You’re probably thinking, “That’s all fine and dandy, Setarra. But how does this reflection on your 20’s connect with the life is like your small kitchen theory?
I feel like my small kitchen? That’s my life. And it’s only as small or as big as I allow it to be in my head.
Those items I’m constantly looking for in the kitchen that I think I’ve lost only to realize the item was right in front of me?
Those items were/are the answers to life that I have a tendency to frantically search for and it’s only when I take a moment to sit with myself and calm my mind that I’m able to see that the answer was right in front of me the whole time.
I have a habit of searching for things in our kitchen (and life) based on where I think they should be… And most times they are right where I thought they were.

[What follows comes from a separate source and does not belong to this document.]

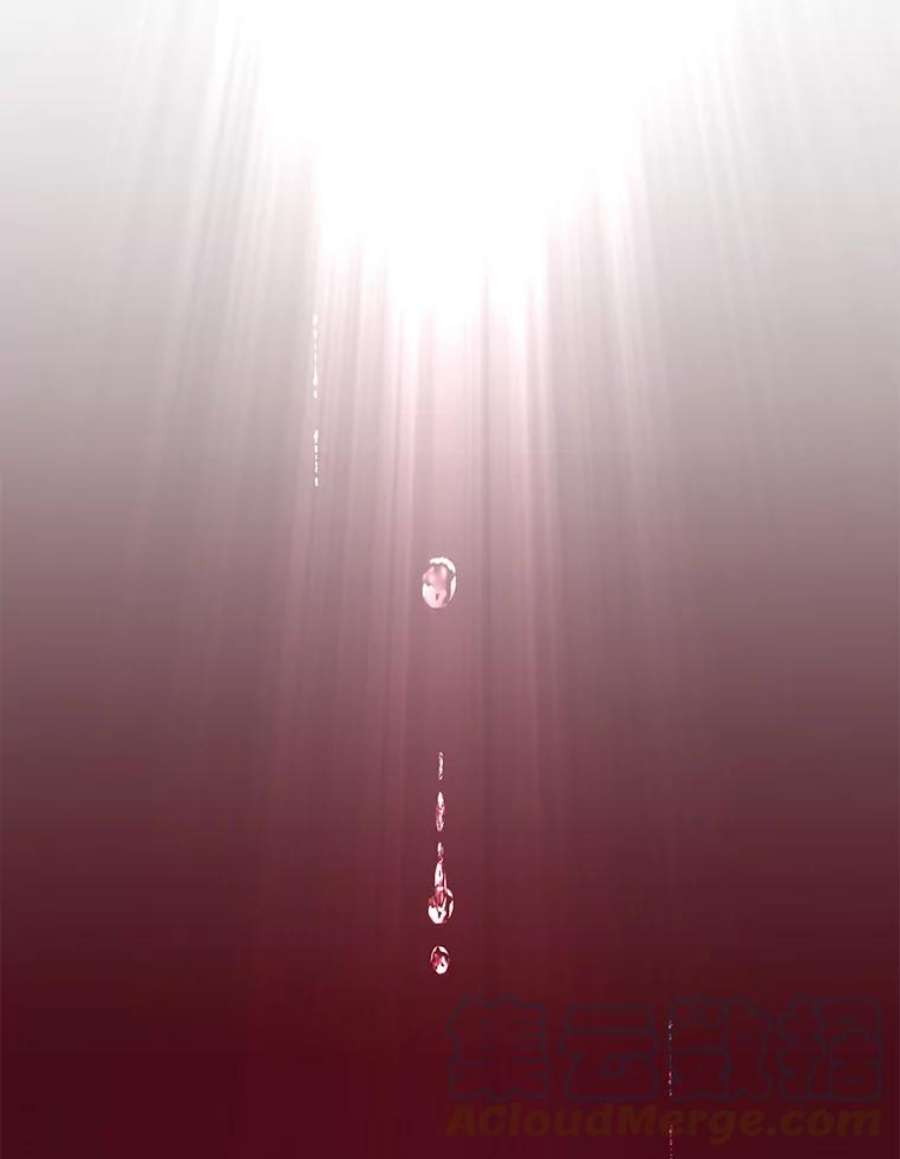 顶级英雄归来22.吸血鬼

I just wasn’t able to see it at the time because either 1) I didn’t trust my instincts or 2) because my mind was not open to what I was seeing vs. what I thought I should be seeing.
And just like that damn fridge door is a nuisance because it controls how I can get in and out of my kitchen, I feel like that fridge door represents me… I am that fridge door. I control whether I move forward or backwards in life.
Heck… At the lowest moments of my 20’s, I was the nasty bridge troll of my life. Not anyone else… Me, myself and I.
And it wasn’t until I stepped out of the kitchen (or in this case, my perspective) that I was able to open and/or close a door in order to move forward in life.
Alll this I share to simply say that as all over the place as my 20’s were, I wouldn’t change or take anything back.
I struggled. I cried myself to sleep many nights. I considered giving up. We considered breaking up. I realized the difference between being alone vs. being lonely. I was humbled. I lost myself. I found myself. Lost myself again and found myself again only to realize that I always had myself… I just had to accept myself.
Who I am today is not the person I envisioned myself becoming at the ripe age of 18. Heck, who and where I am today is not even close to what and where I thought I would be 2 years ago.
And that’s ok. I am where I am.
And today, I am officially 30 and excited for what the next decade has to offer because it’s highly likely that my 30’s will be just as all over the place as my 20’s.
The only difference being that I feel a little more prepared for my 30’s because the greatest lesson I learned from my 20’s is that “a plan is a plan is a plan… But that’s not always where life lands” and I’m ready to roll with the punches.
Short story long, if there is anything I hope you take away from today’s blog post, it’s these 2 things:
1) Getting older is a blessing. To be alive and full of more wisdom than the year before is always a positive thing.
2) Opening and closing a door doesn’t have to be a frustrating/draining process. It can be as simple as you want it to be if that’s what you truly want. Don’t be the fridge door/bridge troll of your life. Allow yourself to pass go.
With that said…
30 cheers to getting better with time like a bottle of fine wine. Peace and love.